[Collected data]

----------

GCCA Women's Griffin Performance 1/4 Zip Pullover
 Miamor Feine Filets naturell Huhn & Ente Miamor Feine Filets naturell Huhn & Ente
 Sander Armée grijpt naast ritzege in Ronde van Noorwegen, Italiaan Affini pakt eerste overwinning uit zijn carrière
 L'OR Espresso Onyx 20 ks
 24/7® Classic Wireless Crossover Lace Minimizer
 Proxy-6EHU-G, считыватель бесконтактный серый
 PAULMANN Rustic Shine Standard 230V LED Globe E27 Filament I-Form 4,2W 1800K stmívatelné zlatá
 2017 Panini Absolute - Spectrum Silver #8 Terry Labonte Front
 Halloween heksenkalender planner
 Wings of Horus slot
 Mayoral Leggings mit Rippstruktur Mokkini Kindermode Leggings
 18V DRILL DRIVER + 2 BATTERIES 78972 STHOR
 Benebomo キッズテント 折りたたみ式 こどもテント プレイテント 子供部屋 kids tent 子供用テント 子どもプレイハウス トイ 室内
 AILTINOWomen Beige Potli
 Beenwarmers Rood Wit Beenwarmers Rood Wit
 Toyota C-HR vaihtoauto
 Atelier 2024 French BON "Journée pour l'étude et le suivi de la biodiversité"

----------

TO DO: Every line from the one with "Toyota C-HR vaihtoauto" through the last line of the records above should be returned exactly, please, and no others.

ANSWER TO THIS PROBLEM:
 Toyota C-HR vaihtoauto
 Atelier 2024 French BON "Journée pour l'étude et le suivi de la biodiversité"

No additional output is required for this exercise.